Exclude the pictures, then repeat exactly each line from the one containing "Зимний утолщенный теплый" to the final line of the records that follow.
[INFORMATION PROVIDED Boundary: Start]
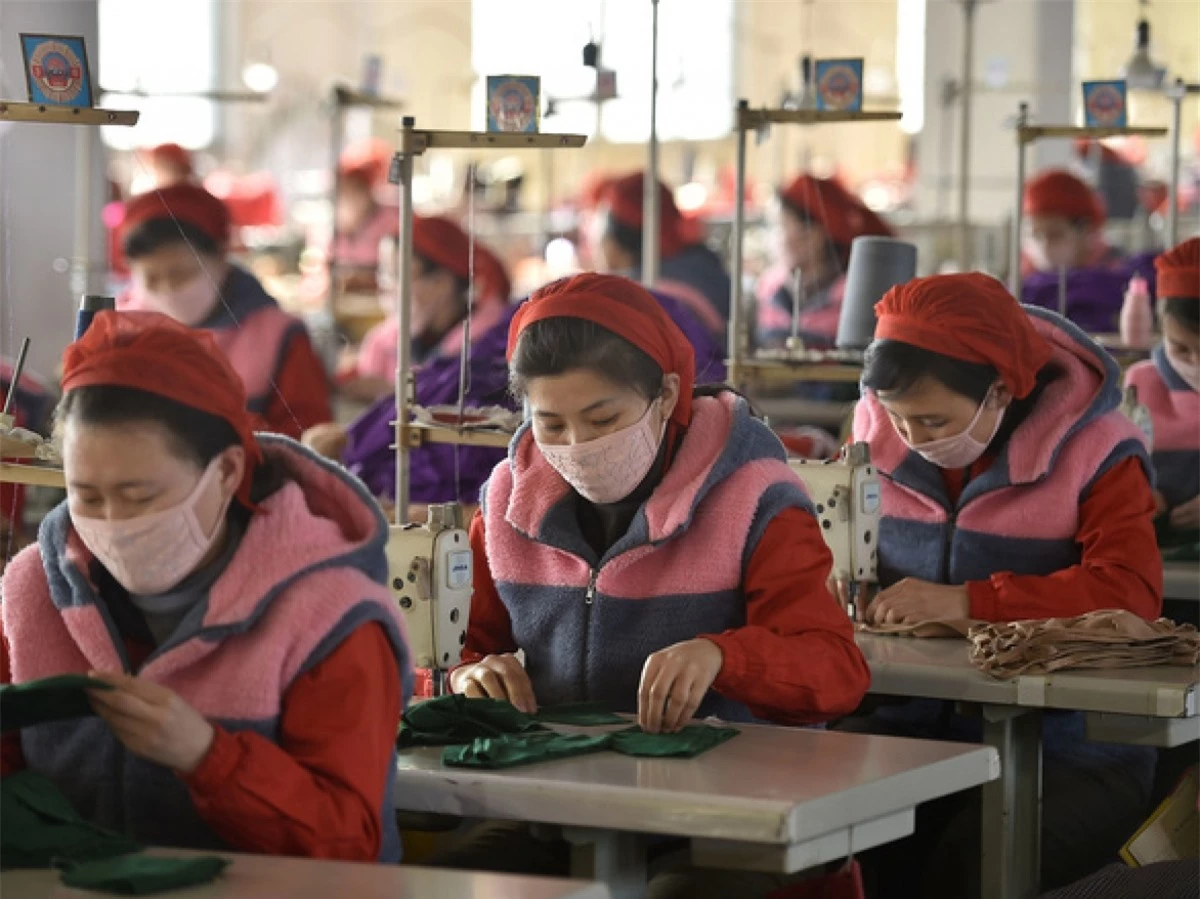 Công nhân ở Bình Nhưỡng sản xuất khẩu trang - Ảnh: AFP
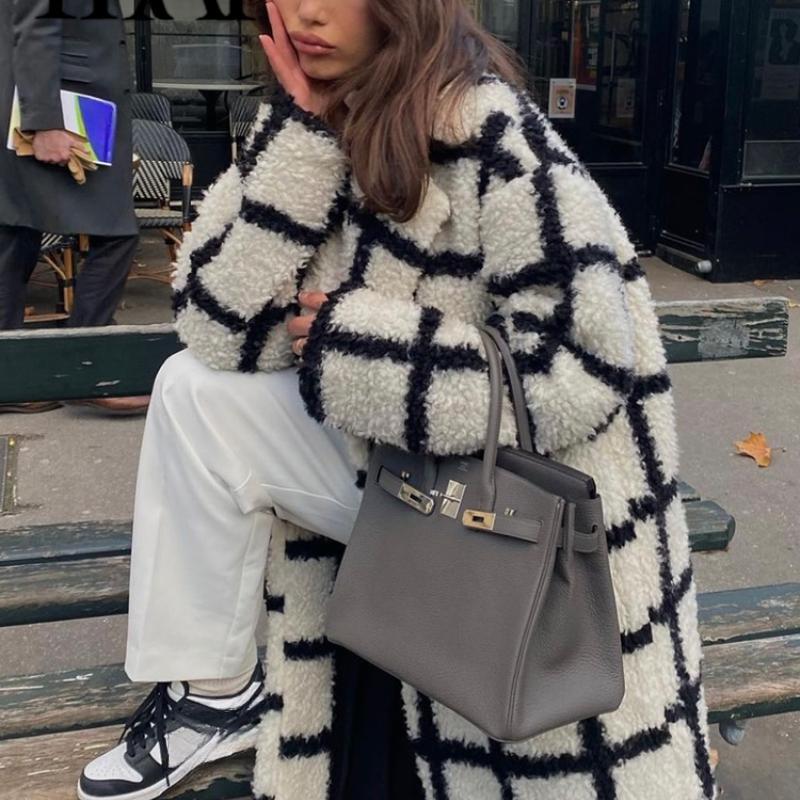 Зимний утолщенный теплый женский плащ большого размера в клетку — фото 3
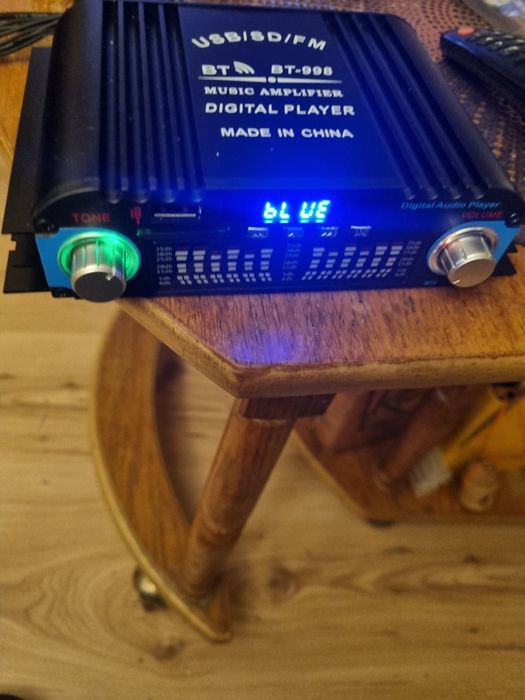 Vand amplificator 4×40 W, cu telecomanda nou in cutia originala.
Are următoarele funcții:
1. Radio digital pe frecventa FM
2. Bluetooth, prin interm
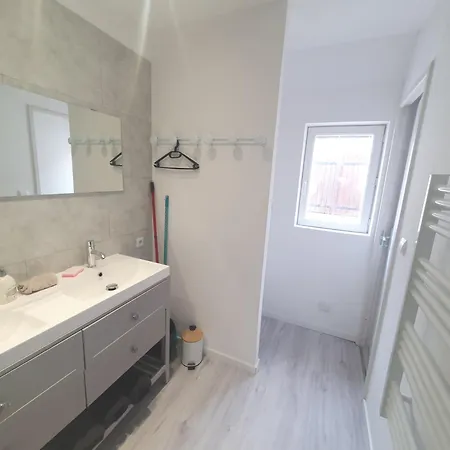 N4 Ideal Pro Au Calme Proche De アパート *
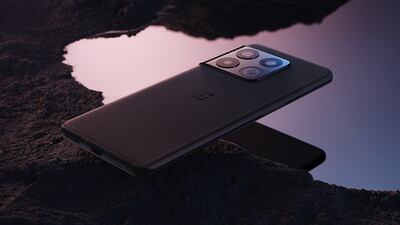 The OnePlus 10 Pro has a 'fluid' 120-hertz display. Photo: OnePlus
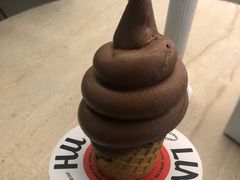 巧克力冰淇淋-玲婧胡同·生日蛋糕·餐厅(嘉里城店)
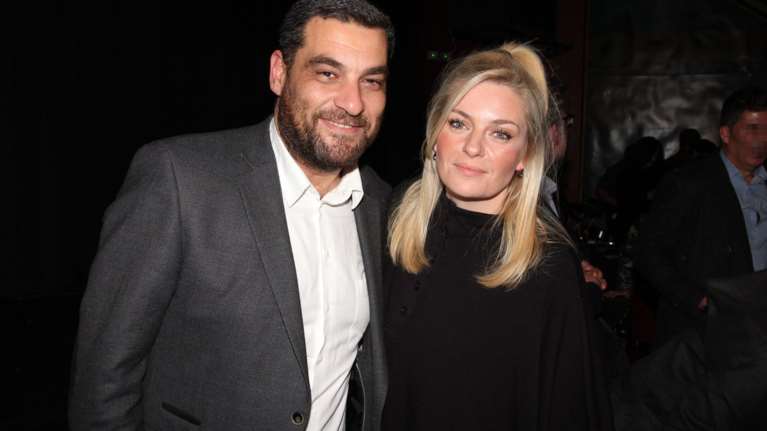 Ελισάβετ Μουτάφη - Μάνος Νιφλής: Το πρώτο καλοκαίρι με τον γιο τους - Tα παιχνίδια στην άμμο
[INFORMATION PROVIDED Boundary: End]
# SOLUTION TO THE EXERCISE
 Зимний утолщенный теплый женский плащ большого размера в клетку — фото 3
 Vand amplificator 4×40 W, cu telecomanda nou in cutia originala.
Are următoarele funcții:
1. Radio digital pe frecventa FM
2. Bluetooth, prin interm
 N4 Ideal Pro Au Calme Proche De アパート *
 The OnePlus 10 Pro has a 'fluid' 120-hertz display. Photo: OnePlus
 巧克力冰淇淋-玲婧胡同·生日蛋糕·餐厅(嘉里城店)
 Ελισάβετ Μουτάφη - Μάνος Νιφλής: Το πρώτο καλοκαίρι με τον γιο τους - Tα παιχνίδια στην άμμο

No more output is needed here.